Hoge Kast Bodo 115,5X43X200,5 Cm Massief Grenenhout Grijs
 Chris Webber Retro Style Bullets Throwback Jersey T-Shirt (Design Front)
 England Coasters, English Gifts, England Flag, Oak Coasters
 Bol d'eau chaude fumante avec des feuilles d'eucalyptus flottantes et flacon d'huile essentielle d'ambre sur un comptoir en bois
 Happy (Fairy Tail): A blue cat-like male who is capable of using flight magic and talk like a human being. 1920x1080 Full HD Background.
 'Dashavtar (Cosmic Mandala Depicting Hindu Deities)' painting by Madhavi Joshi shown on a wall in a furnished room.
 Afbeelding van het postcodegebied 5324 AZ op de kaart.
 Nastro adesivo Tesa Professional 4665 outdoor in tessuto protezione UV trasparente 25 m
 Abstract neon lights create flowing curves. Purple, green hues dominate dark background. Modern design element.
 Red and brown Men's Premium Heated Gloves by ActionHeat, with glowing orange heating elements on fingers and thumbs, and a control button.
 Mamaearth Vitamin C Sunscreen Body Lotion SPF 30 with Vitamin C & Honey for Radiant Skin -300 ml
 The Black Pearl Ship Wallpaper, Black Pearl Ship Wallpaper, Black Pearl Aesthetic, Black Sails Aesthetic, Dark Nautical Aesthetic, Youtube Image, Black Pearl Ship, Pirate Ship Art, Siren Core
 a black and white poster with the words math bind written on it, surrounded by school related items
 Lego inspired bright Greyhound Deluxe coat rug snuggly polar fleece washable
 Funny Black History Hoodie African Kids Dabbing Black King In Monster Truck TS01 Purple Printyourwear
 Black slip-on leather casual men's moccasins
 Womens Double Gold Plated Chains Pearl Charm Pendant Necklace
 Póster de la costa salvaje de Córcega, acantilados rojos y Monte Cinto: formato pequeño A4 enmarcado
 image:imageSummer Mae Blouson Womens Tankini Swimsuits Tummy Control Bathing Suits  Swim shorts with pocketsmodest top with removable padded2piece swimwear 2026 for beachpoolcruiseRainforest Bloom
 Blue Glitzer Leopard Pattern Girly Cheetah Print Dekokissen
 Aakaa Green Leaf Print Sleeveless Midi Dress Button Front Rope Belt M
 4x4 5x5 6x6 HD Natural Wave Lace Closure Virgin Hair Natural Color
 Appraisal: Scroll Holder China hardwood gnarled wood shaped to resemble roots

DIRECTIONS:
Your answer must be the complete listing, reproduced exactly.

SOLUTION TO THIS EXERCISE:
Hoge Kast Bodo 115,5X43X200,5 Cm Massief Grenenhout Grijs
 Chris Webber Retro Style Bullets Throwback Jersey T-Shirt (Design Front)
 England Coasters, English Gifts, England Flag, Oak Coasters
 Bol d'eau chaude fumante avec des feuilles d'eucalyptus flottantes et flacon d'huile essentielle d'ambre sur un comptoir en bois
 Happy (Fairy Tail): A blue cat-like male who is capable of using flight magic and talk like a human being. 1920x1080 Full HD Background.
 'Dashavtar (Cosmic Mandala Depicting Hindu Deities)' painting by Madhavi Joshi shown on a wall in a furnished room.
 Afbeelding van het postcodegebied 5324 AZ op de kaart.
 Nastro adesivo Tesa Professional 4665 outdoor in tessuto protezione UV trasparente 25 m
 Abstract neon lights create flowing curves. Purple, green hues dominate dark background. Modern design element.
 Red and brown Men's Premium Heated Gloves by ActionHeat, with glowing orange heating elements on fingers and thumbs, and a control button.
 Mamaearth Vitamin C Sunscreen Body Lotion SPF 30 with Vitamin C & Honey for Radiant Skin -300 ml
 The Black Pearl Ship Wallpaper, Black Pearl Ship Wallpaper, Black Pearl Aesthetic, Black Sails Aesthetic, Dark Nautical Aesthetic, Youtube Image, Black Pearl Ship, Pirate Ship Art, Siren Core
 a black and white poster with the words math bind written on it, surrounded by school related items
 Lego inspired bright Greyhound Deluxe coat rug snuggly polar fleece washable
 Funny Black History Hoodie African Kids Dabbing Black King In Monster Truck TS01 Purple Printyourwear
 Black slip-on leather casual men's moccasins
 Womens Double Gold Plated Chains Pearl Charm Pendant Necklace
 Póster de la costa salvaje de Córcega, acantilados rojos y Monte Cinto: formato pequeño A4 enmarcado
 image:imageSummer Mae Blouson Womens Tankini Swimsuits Tummy Control Bathing Suits  Swim shorts with pocketsmodest top with removable padded2piece swimwear 2026 for beachpoolcruiseRainforest Bloom
 Blue Glitzer Leopard Pattern Girly Cheetah Print Dekokissen
 Aakaa Green Leaf Print Sleeveless Midi Dress Button Front Rope Belt M
 4x4 5x5 6x6 HD Natural Wave Lace Closure Virgin Hair Natural Color
 Appraisal: Scroll Holder China hardwood gnarled wood shaped to resemble roots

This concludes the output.